I have heard philosophers propose that thought is dependent upon language: that without language one cannot have thoughts, that we can think of thoughts as sentences, etc. There seems to be a strong correlation, in many philosophers' writings, between thoughts and sentences of a language. In some limited sense, this makes sense to me. Creatures that clearly do not have language (platypuses, say) do not seem to have thoughts; whatever goes through their heads, they do not seem to do what we do when we think. And for those of us who do have language skills, thoughts take the form of sentences in whatever language(s) we speak.
But philosophers often assume that thoughts just ARE those sentences, that it is nonsensical even to say that "thoughts take the form of sentences in a language". But how can the ability to think depend on the possession of language skills? If a human baby were never taught to speak or to understand a language, and thus arrived at the age of 30 with no language skills, would we really want to say that he had never had a thought in his life? What if he had survived half that time on a deserted island through ingenuity and invention?

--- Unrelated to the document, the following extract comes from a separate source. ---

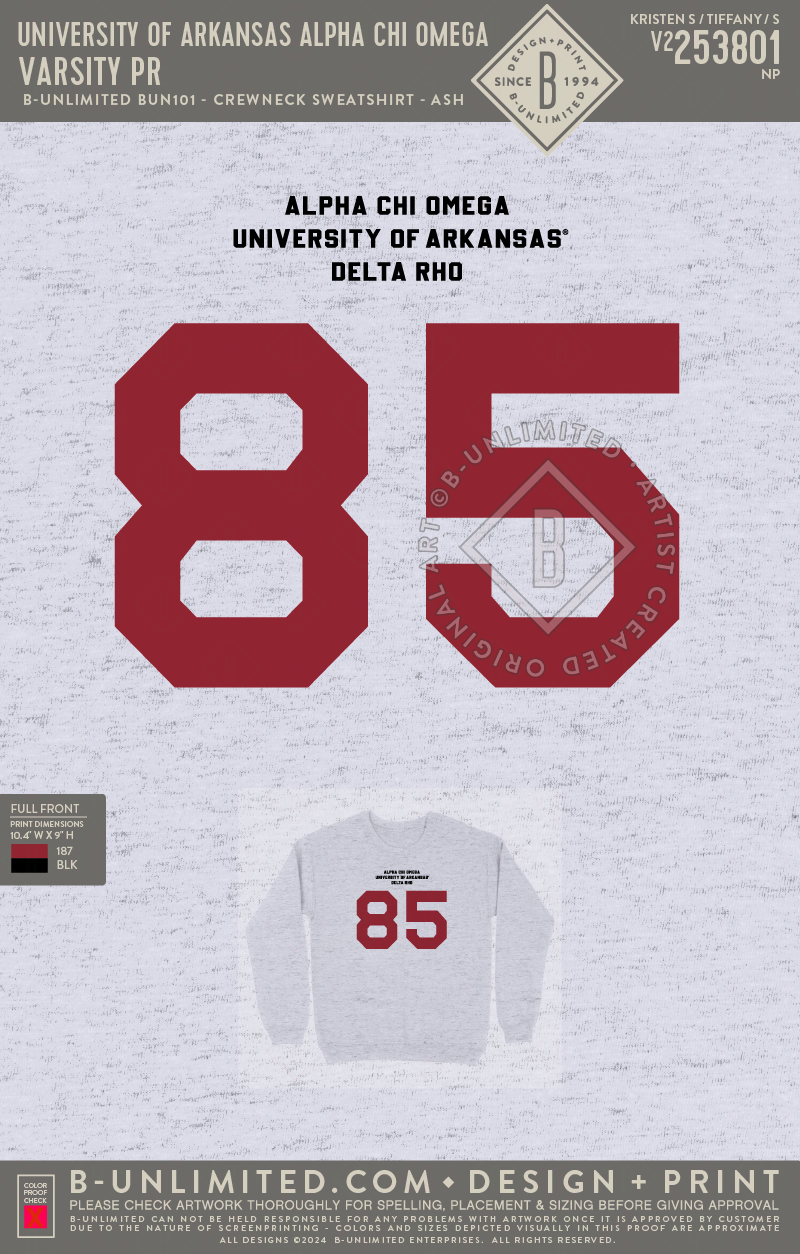 UofA AXO - Varsity PR (EOS25) - B-Unlimited BUN101 - Ash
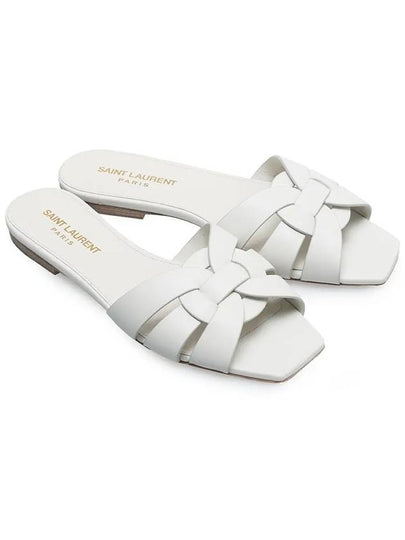 Tribute Smooth Leather Mules White - SAINT LAURENT - BALAAN 2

Unfortunately, children are occasionally neglected to the point where they do not acquire language skills. (And even more unfortunately, scientists call these children "feral".) It strikes me as inaccurate to say that it is impossible for these children, despite their stunted development, to have a single thought. Do any philosophers have similar intuitions? And if so, is the ability to think linked to, perhaps, membership in a species that is capable of developing language? Are any philosophers less homo-centric and inclined to allow that chimpanzees or other animals are capable of extremely rudimentary thoughts?